Well, I managed to make it home from Jersey, though running an errand in Queens on the way back did almost end our journey in a sizable snowbank.

But I'm home safe in time for mother nature to dump more freezing rain and snow on us in two days. Think maybe it's January?

Time has taught me the best thing to do in preparation for a snowstorm is stock up on canned items, make sure your thickest socks and sweatpants are clean, and have at least one type of cookie hoarded in your kitchen. These adorable little delights are a fun twist on a classic cookie, and since they're so quick and simple, it's a perfect recipe to make with kids on a snow day.

Incidentally, having this recipe in your arsenal is a perfect excuse for always keeping Junior Mints in the house, which is never a bad thing.

1.5 cups all-purpose flour
1/3 cup unsweetened cocoa powder
1/4 tsp salt
1/4 tsp baking soda
1/2 cup vegetable oil
1/3 cup almond milk
1 tsp vanilla
2/3 cup sugar
30  Junior Mints

      Preheat oven to 350 F. Sift together flour, cocoa, salt and baking soda.

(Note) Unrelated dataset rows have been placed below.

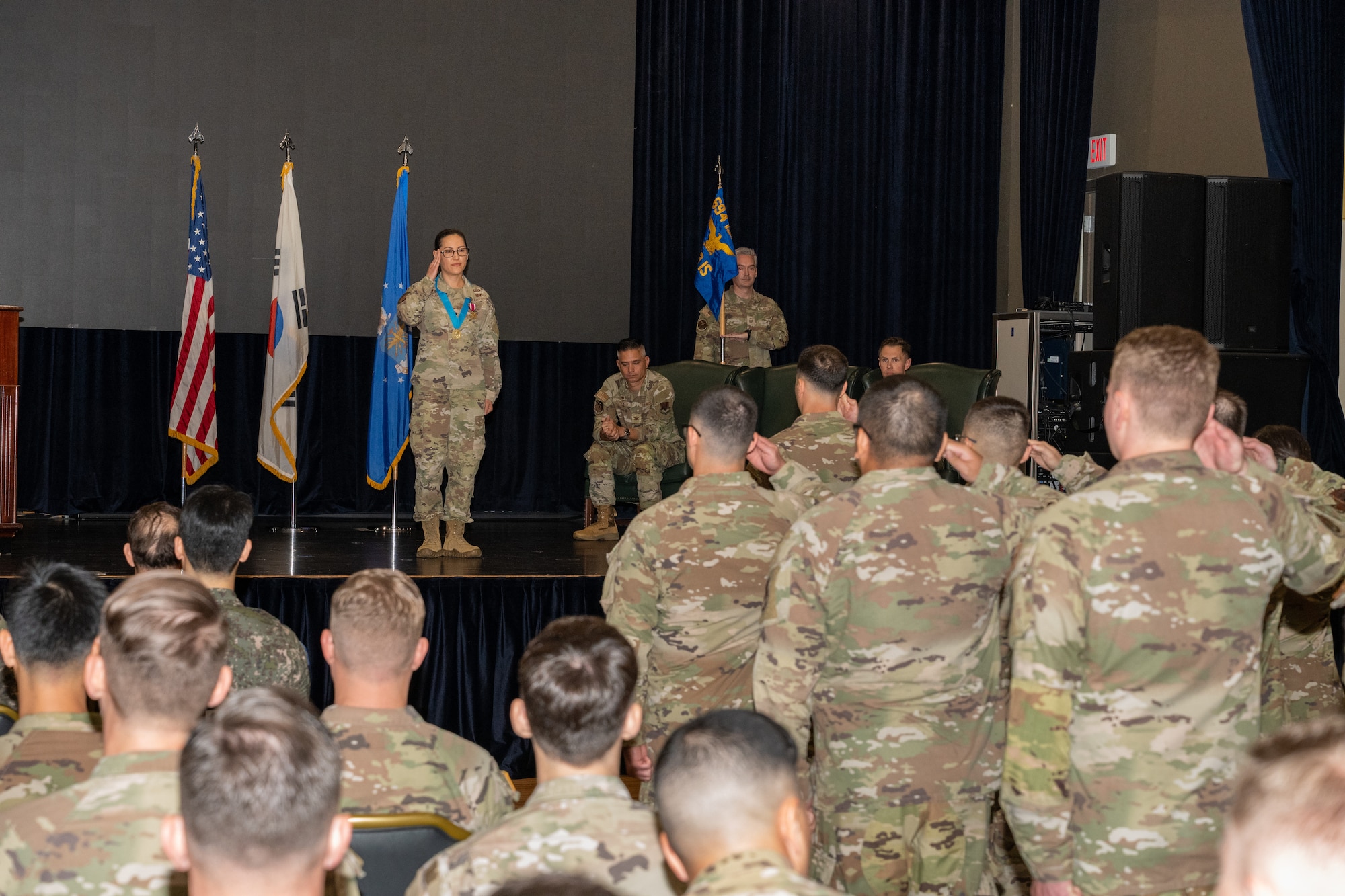 Airmen salute an outgoing commander for the final time during a ceremony.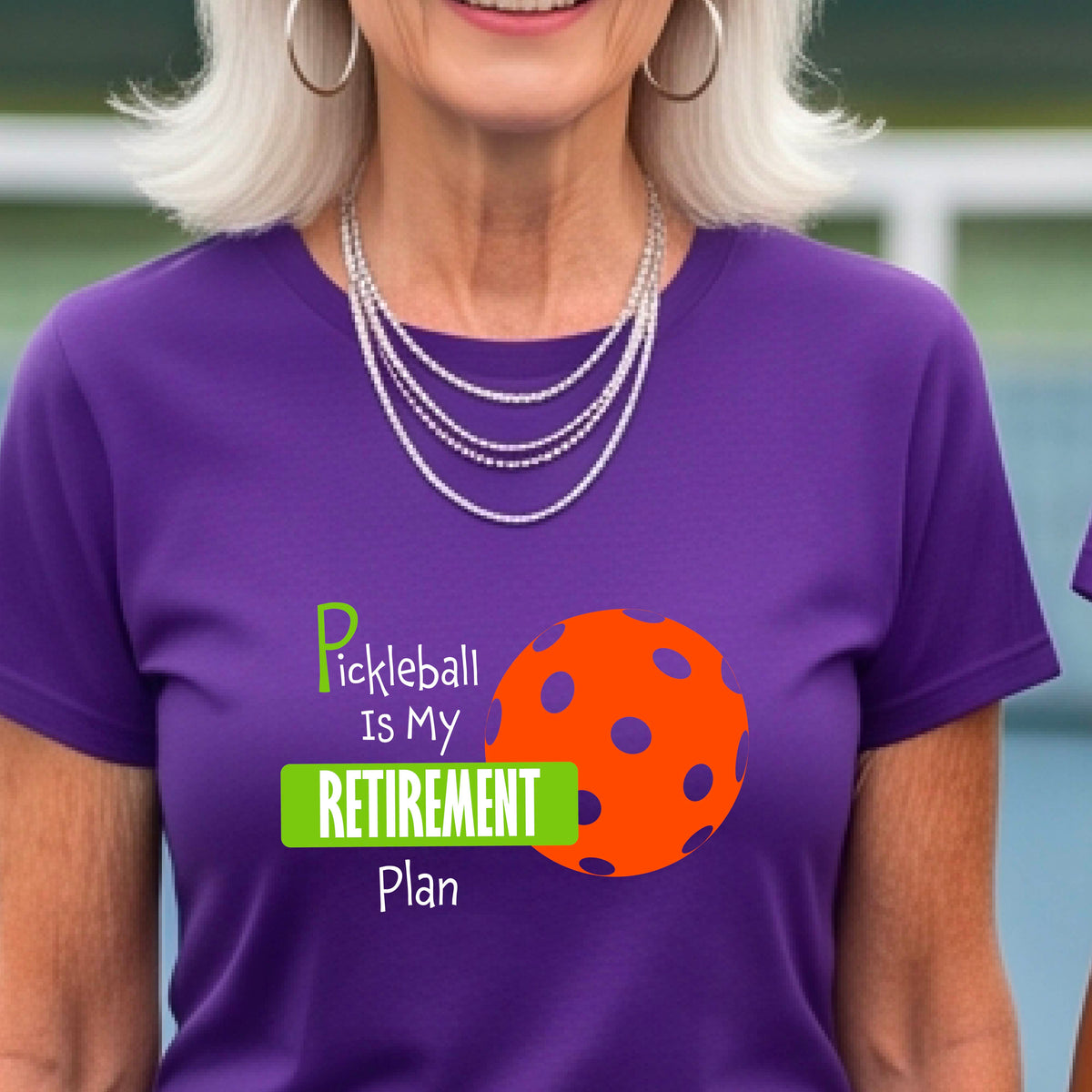 A woman on a pickleball court, wearing a purple short-sleeve athletic t-shirt, with the words “Pickleball is my Retirement Plan” in green and white with an orange pickleball illustration in the background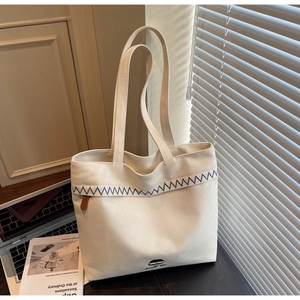 Close-up of minimalist cream canvas tote with blue wavy stitching and character graphic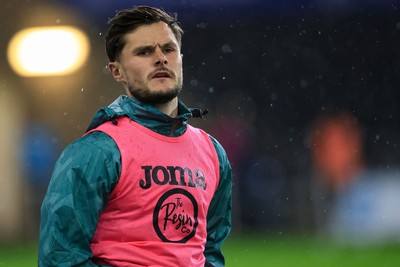 221025 - Swansea City v Queens Park Rangers - Sky Bet Championship - Liam Cullen of Swansea City warming up before game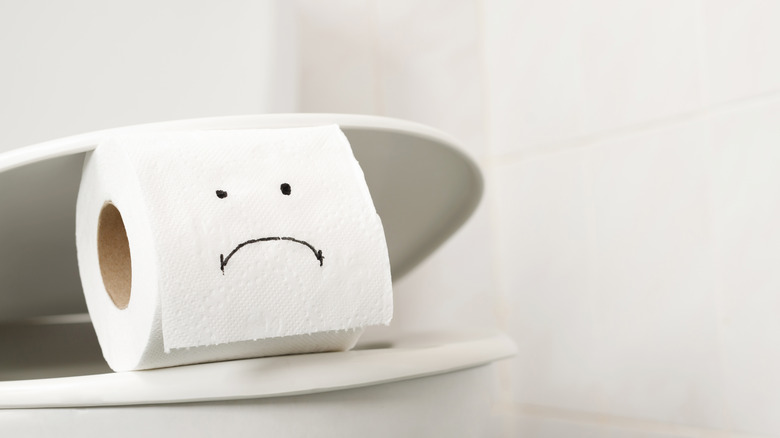 toilet paper with frown face, placed on toilet bowl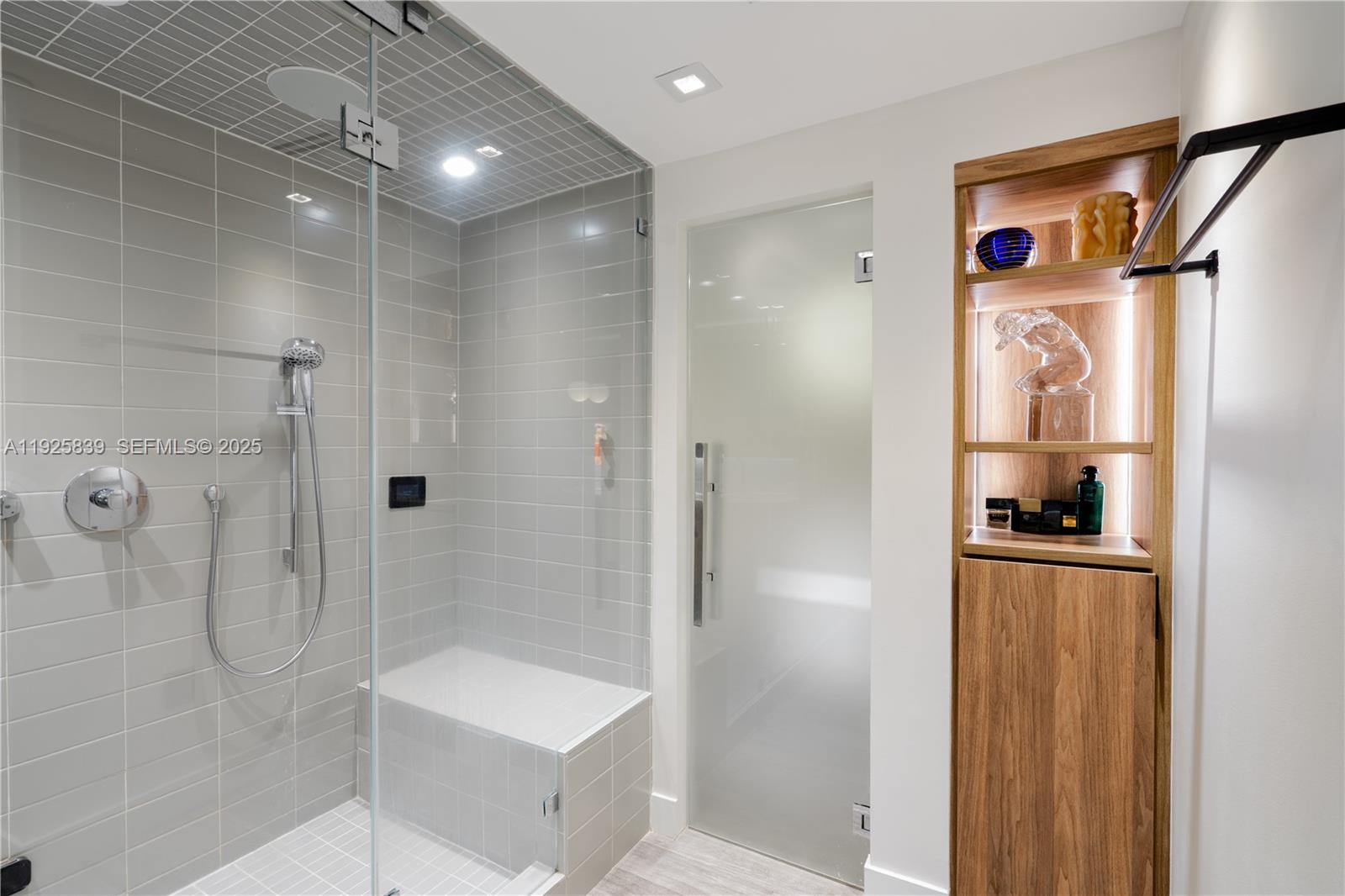 125 Jefferson Avenue, Unit 119 Miami Beach, FL 33139 - Photo 23 of 47 a bathroom with a tub shower sink and mirror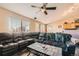 Open-concept living area featuring a large leather sectional sofa and dining area at 13960 Grape St, Thornton, CO 80602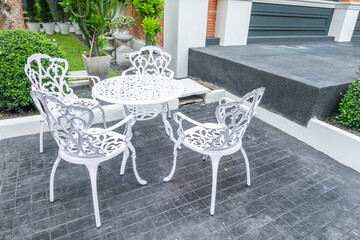 Classic white steel chair and table in the garden,empty white vintage chairs in the garden,decoration english garden concept.
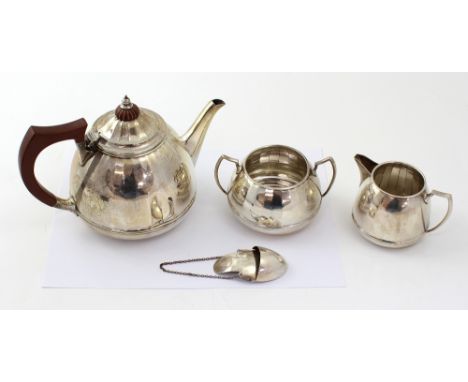 A silver three-piece tea service, with shallow fluted body, Barker Bros Ltd (later Barker Ellis Co Ltd), Birmingham 1948/49, 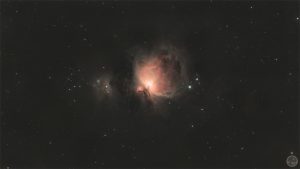 Fotografia astronómica de campo amplo da Grande Nebulosa de Orionte (M42), exibindo a estrutura nebulosa rosada e circular concentrada no centro do plano, com o núcleo brilhante bem definido e a nebulosa vizinha M43, rodeadas por um vasto campo pontilhado de estrelas de fundo sobre o éter negro.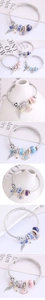 Detail eines Perlenarmbands mit bösem Blick, Flügelanhänger und blauen Harzperlen auf Draht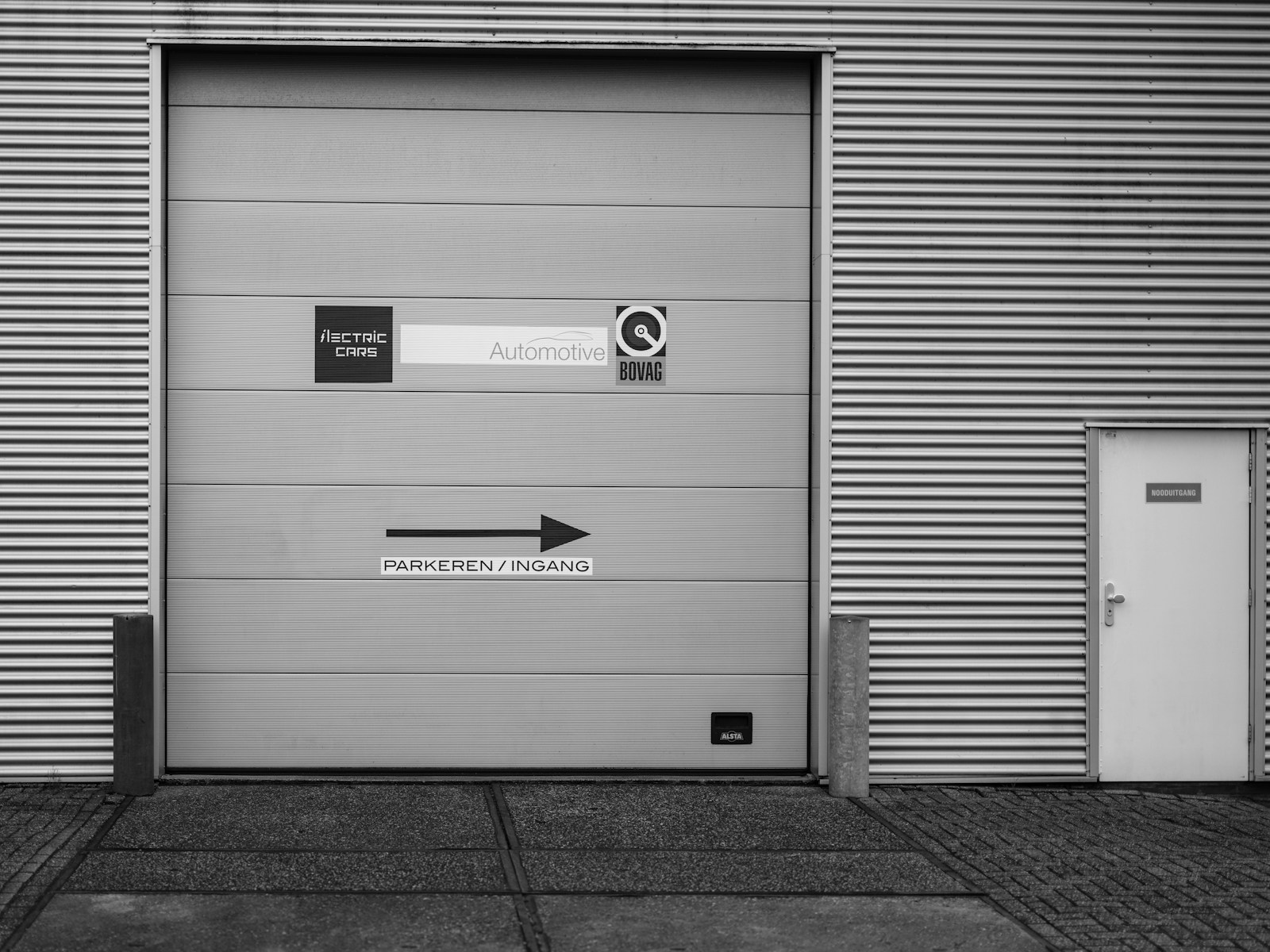 A black and white photo of a garage door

In a separate bowl, blend together oil, milk, vanilla and sugar til completely combined. Add dry ingredients in 3 additions, and once completely blended it should be thick enough to roll into balls. Roll into 30 balls and place on lined cookie sheet. Bake for 6 minutes, then remove from oven and using a small metal measuring spoon (1/2 or 1/4 tsp works best), indent the middle to make the thumbprint. Place a Junior Mint in each indentation and return to the oven for 6 more minutes. Remove and let cool on the cookie sheet before moving to a rack and cool completely before storing in an airtight container.